Comment 6 Li Xiaohui 2023-04-21 03:52:10 UTC

(In reply to Li Xiaohui from comment #5)
> (In reply to Nitesh Narayan Lal from comment #4)
> > (In reply to Li Xiaohui from comment #3)
> > > Hi Juan, Nitesh, 
> > > Do we have the plan to fix this issue on RHEL 9.3.0?
> > 
> > Hi Xiaohui, As I have mentioned that Juan will be reviewing his assigned BZs
> > and update them with the status and ITR if he is planning to fix anything in
> > 9.3.0.
> > Let's give some time go through the bugs. Is there a timeline by which you
> > are looking for an update?
> 
> For this bug, it's better before Tuesday of next week. Because QE would
> discuss it in our group Bug Triage meeting.
> The aim of Bug Triage meeting is to review all opened bugs to see if they
> have the customer impacted or not. And also confirm if we have a plan to fix
> them.

Sorry, not all opened bugs, I mean all new, assigned bugs.

> 
> We have reviewed nearly all opened migration bugs, now only this bug, Bug
> 2048460 and Bug 2016966.

Sorry, update my words:
We have reviewed nearly all opened new and assigned migration bugs, now only remain this bug, Bug 2048460 and Bug 2016966.


> 
> Bug 2048460 has been discussed in the last Bi-weekly Live migration sync
> meeting. Juan said we plan to close it. Can you help do it?

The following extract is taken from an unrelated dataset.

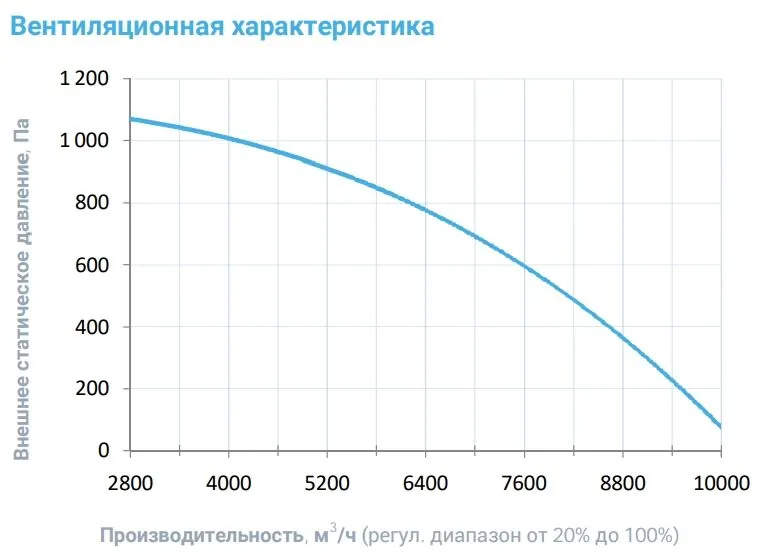Приточная установка Breezart 8000-C Aqua W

Comment 7 Juan Quintela 2023-04-25 10:10:16 UTC

Hi
The fixes for this patch are already upstream (post 8.0), I will backport them.
There is nothing to test for, because the problem is that we are using less bandwidth that possible, but not a lot that we can do about that.

Comment 8 Juan Quintela 2023-04-25 10:11:50 UTC

Hi
The fixes for this patch are already upstream (post 8.0), I will backport them.
There is nothing to test for, because the problem is that we are using less bandwidth that possible, but not a lot that we can do about that.

Comment 9 Juan Quintela 2023-04-25 10:13:31 UTC

Hi
second try, bugzilla got confused with my second comment.

We have fixes upstream already, I have to backport them.
But I can think on an easy way that QE can test this improvement.  It will only help when we are near the limit of the bandwidth, but you will never know if the reason that now the migration finishes is because the patches or plain old luck.

Comment 10 Li Xiaohui 2023-04-25 10:29:03 UTC

Hi Juan, thanks for the update.

> > The fixes for this patch are already upstream (post 8.0), I will backport them.

So we plan to fix this bug on RHEL 9.3.0? If so, please help set the ITR to 9.3.0. also for DTM if you can get it.

> > because the problem is that we are using less bandwidth that possible

> > But I can think on an easy way that QE can test this improvement.  It will only help when we are near the limit of the bandwidth, > > but you will never know if the reason that now the migration finishes is because the patches or plain old luck

QE has two AMD machines with 200Gbps network card.
Can't we compare the bandwidth during migration active under 1) pre-patch and 2) patch to see if the fix help improve the bandwidth utilization?

Comment 11 Juan Quintela 2023-04-25 10:52:39 UTC

You can, but as said, it is only seen during edge cases, and I am not sure ou are going to be able to measure it.  Basically the difference is if it decides to finish migration or not, and that is not something that one can "detect" from outside qemu.
I think I will not try to check it, because I am not sure you are going to be able to create an scenary where you can reproduce this consistently.

Comment 12 Nitesh Narayan Lal 2023-04-26 23:12:38 UTC

Juan, Do you have the original environment/machine where you first observed this issue? Xiaohui will have to do some testing before marking this BZ as Tested. Or are you suggesting that we will have to verify this bug by only doing sanity testing?

I am setting the ITR. Can you please share a tentative date or DTM by which you are planning to do the backport?
Thanks

Comment 13 Juan Quintela 2023-05-08 14:54:20 UTC

See

https://bugzilla.redhat.com/show_bug.cgi?id=2024555#c7

There I show the links to the upstream series that improve the statistics.  The thing that is improved is the calculations.  There is no easy way to check for QE that they have improved.  So we are closing this bug as NOT A BUG.

We can check that it is bettter on the other bug.